Task item:
Retype nothing except the lines below from the one with "Buku ilmiah terbuka" through the one with "Ingredients for a", exactly, with images left out.

Given records:
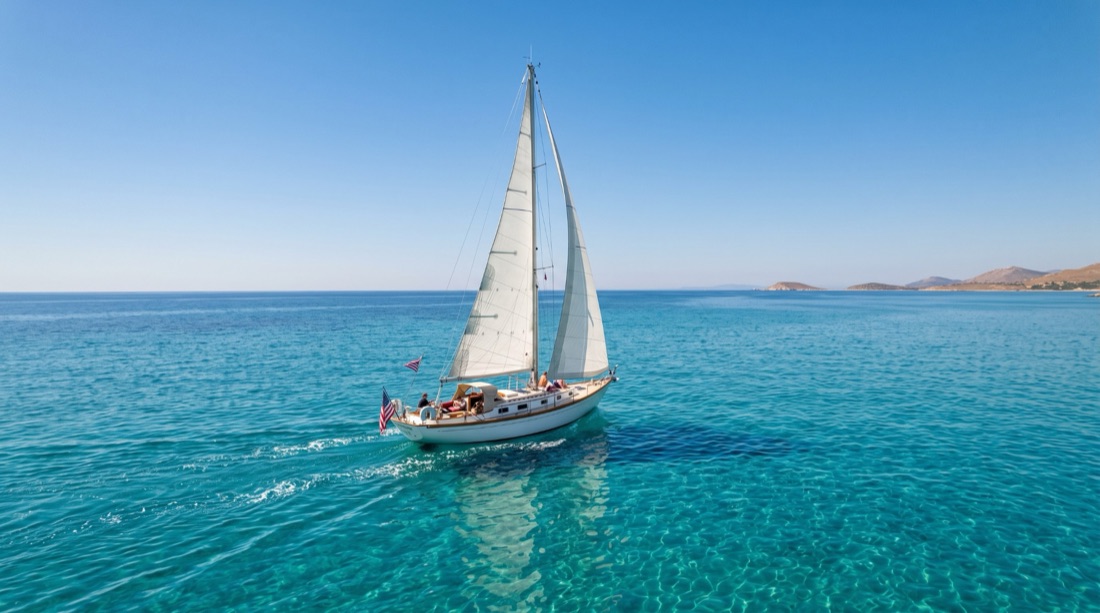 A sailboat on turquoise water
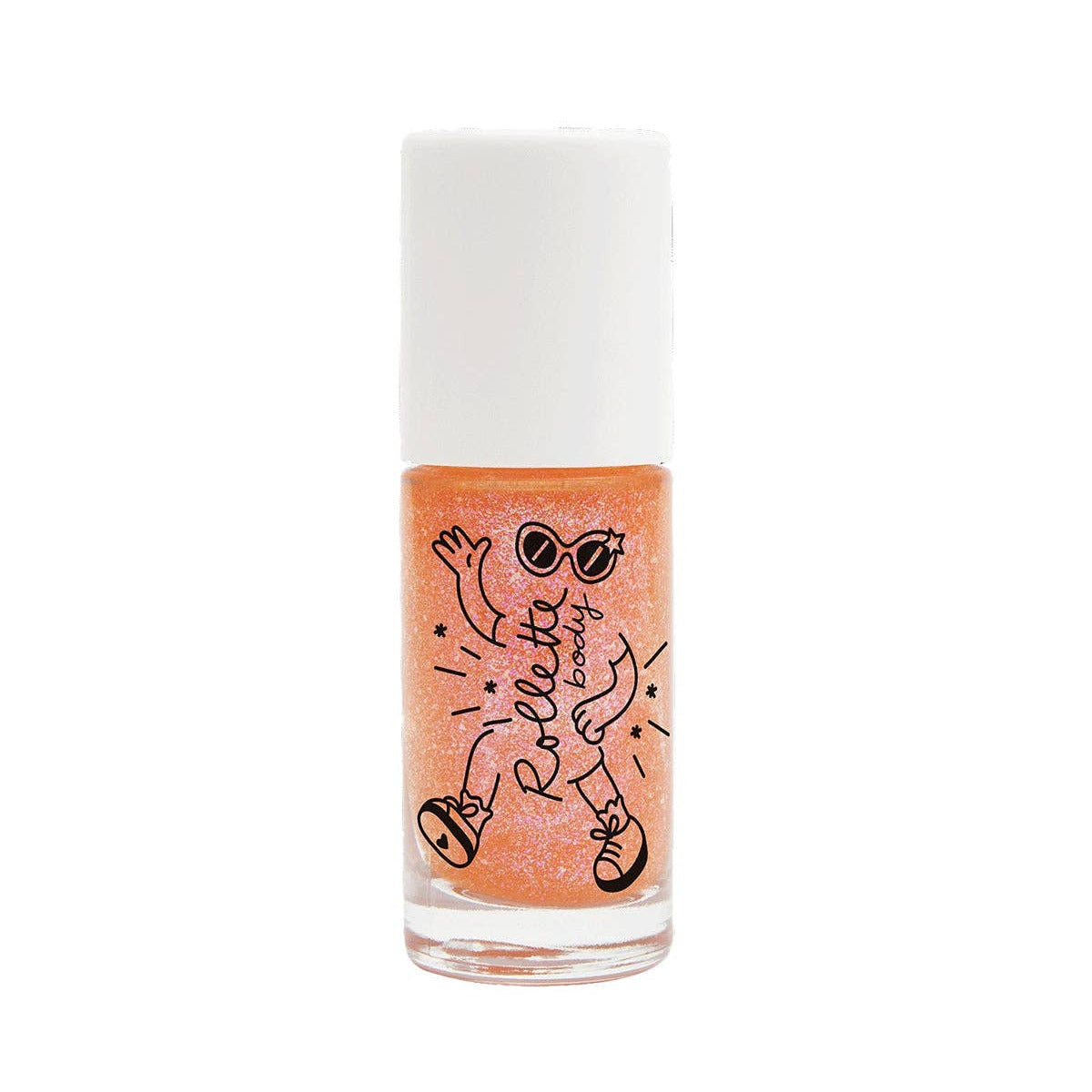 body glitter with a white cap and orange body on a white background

* * *

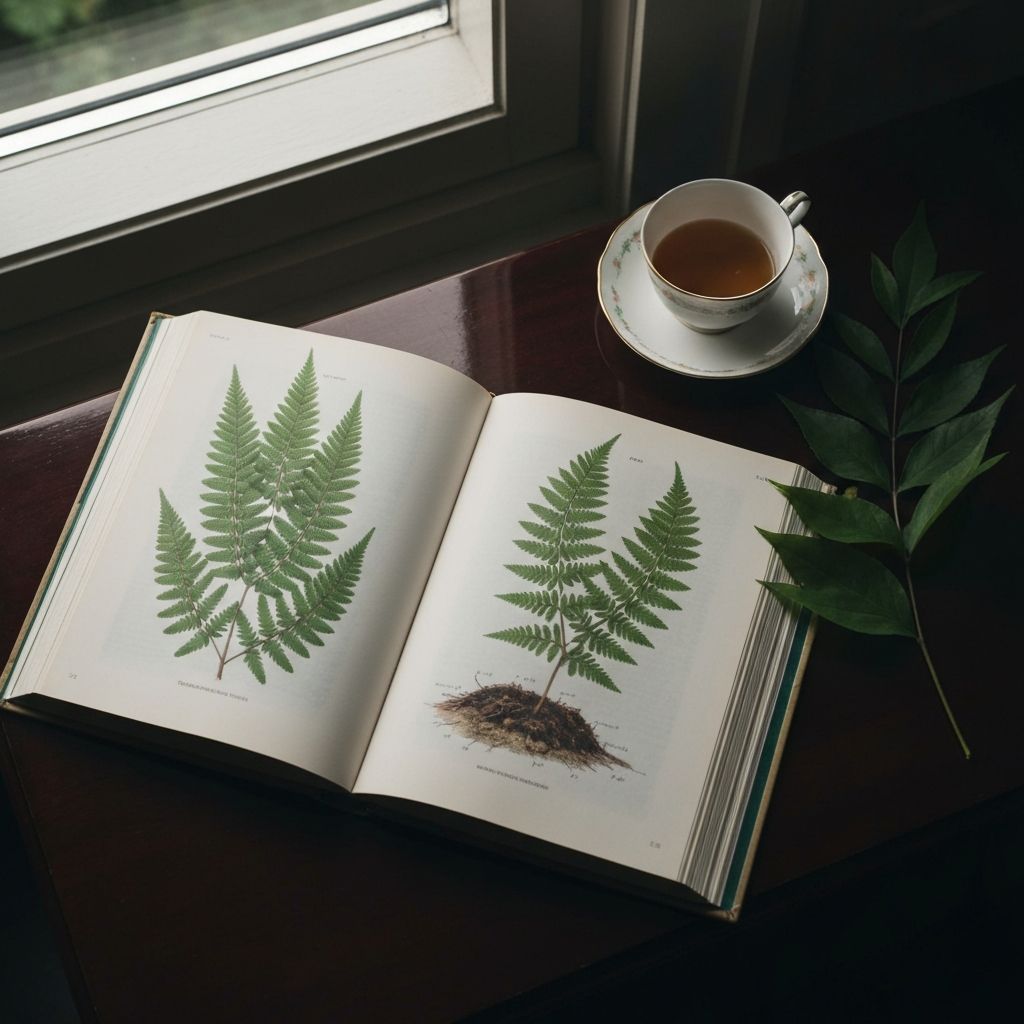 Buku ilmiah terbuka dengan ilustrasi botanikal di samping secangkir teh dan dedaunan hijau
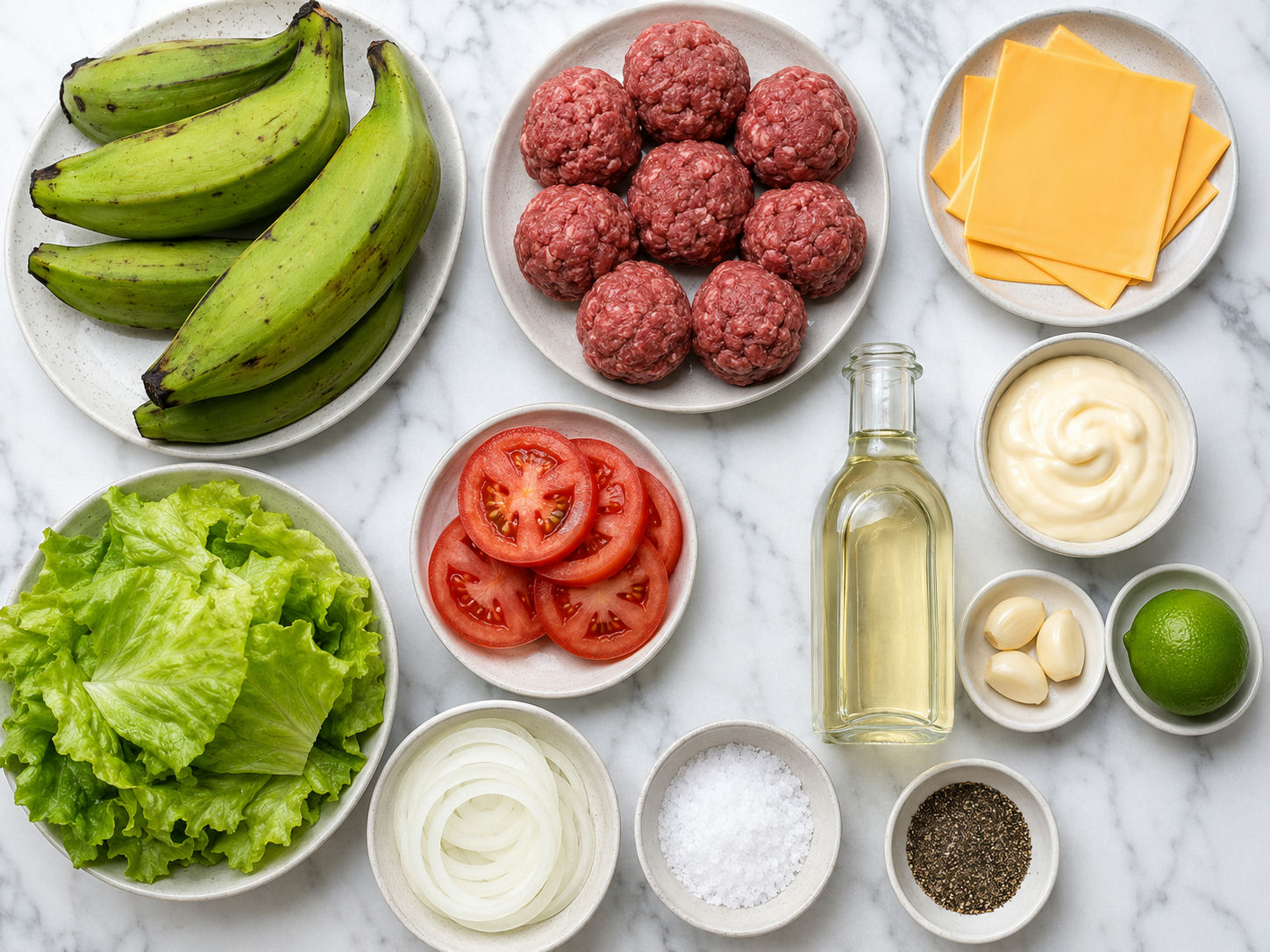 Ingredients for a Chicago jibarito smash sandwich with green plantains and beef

Exercise solution:
 Buku ilmiah terbuka dengan ilustrasi botanikal di samping secangkir teh dan dedaunan hijau
 Ingredients for a Chicago jibarito smash sandwich with green plantains and beef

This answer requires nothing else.